The "flat-line" forecaster, which essentially mirrors the baseline in the COVID Forecast Hub. It augments a flat-line point prediction with a forecast distribution around this point based on quantiles of symmetrized week-to-week residuals.

baseline_forecaster(
  df_list,
  forecast_date,
  incidence_period = c("epiweek", "day"),
  ahead = 1:4,
  symmetrize = TRUE
)

Arguments

df_list

list of data of the format that is returned by covidcast::covidcast_signal() or covidcast::covidcast_signals().

forecast_date

Date object or string of the form "YYYY-MM-DD", indicating date on which forecasts will be made about some period (e.g., epiweek). For example, if forecast_date = "2020-05-11", incidence_period = "day", and ahead = 3, then, we'd be making forecasts for "2020-05-14".

incidence_period

String indicating the incidence period, either "epiweek" or "day".

ahead

Vector of (one or more) integers. How many epiweeks/days ahead are you forecasting? If incidence_period = "epiweek" and forecast_date is Sunday or Monday, then ahead = 1 means the epiweek that includes the forecast date; if forecast_date falls on a Tuesday through Saturday, then it is the following epiweek.

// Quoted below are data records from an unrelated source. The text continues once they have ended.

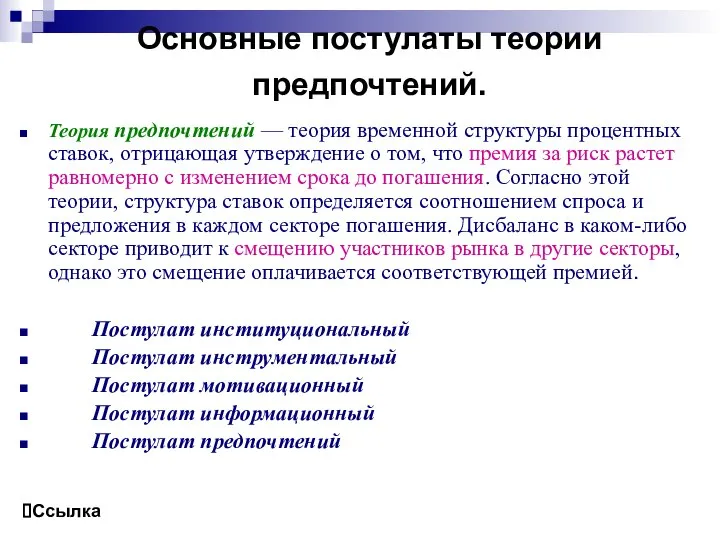 Основные постулаты теории предпочтений. Теория предпочтений — теория временной структуры процентных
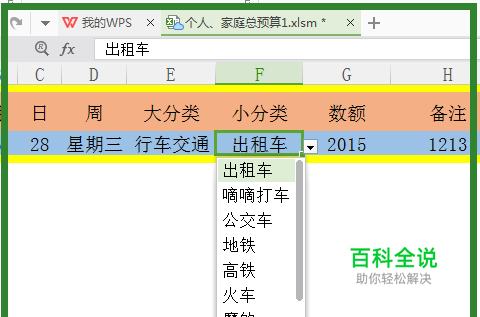 Excel表格如何让两个下拉列表内容相关联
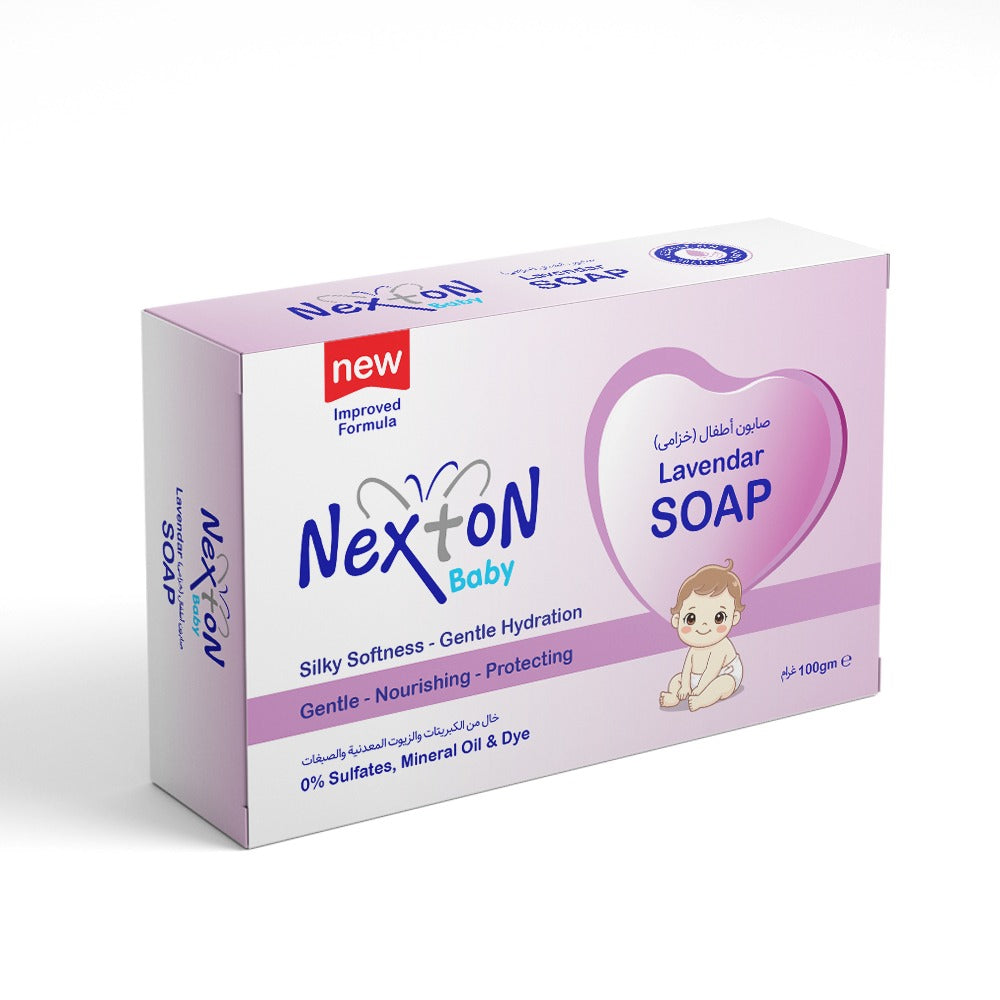 Nexton Baby Soap (Lavender)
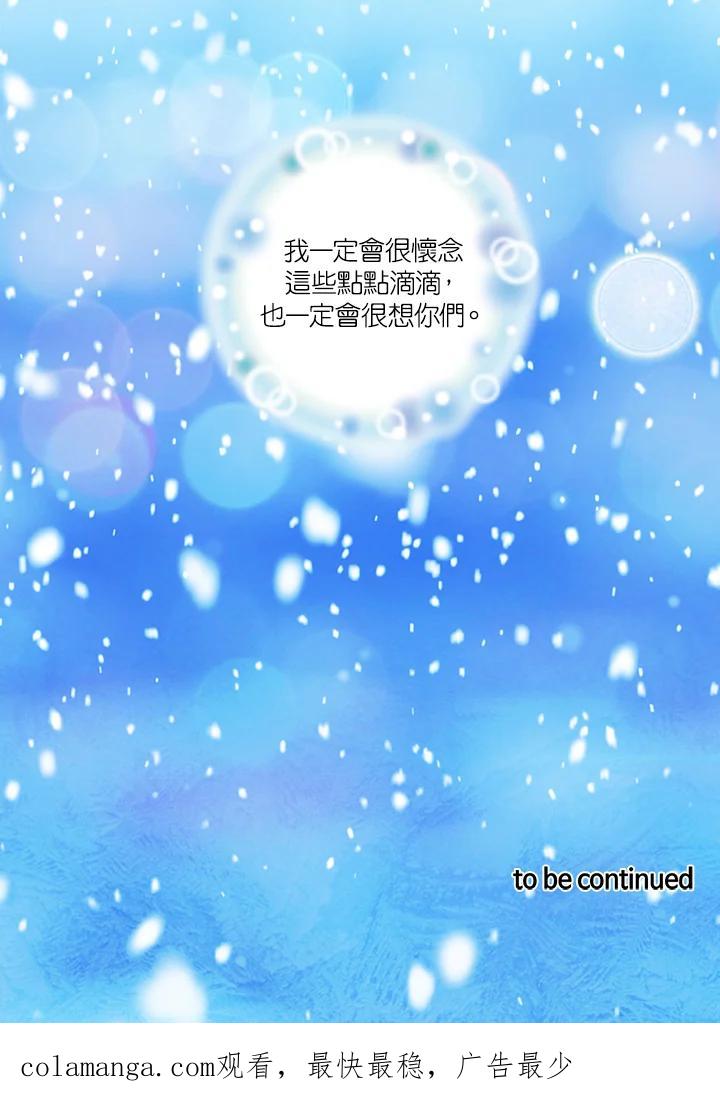 《Imitation》第3季 第39话 第51页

If incidence_period = "day", then ahead = 1 means the day after forecast date.

symmetrize

Should symmetrized residuals be used, or unsymmetrized (raw) residuals? Default is TRUE, which results in the flat-line point prediction. If FALSE, then point predictions can be increasing or decreasing, depending on the historical trend.

Value

Data frame with columns ahead, geo_value, quantile, value. The quantile column gives the predicted quantiles of the forecast distribution for that location and ahead. An NA indicates a point forecast (same as the median in this case).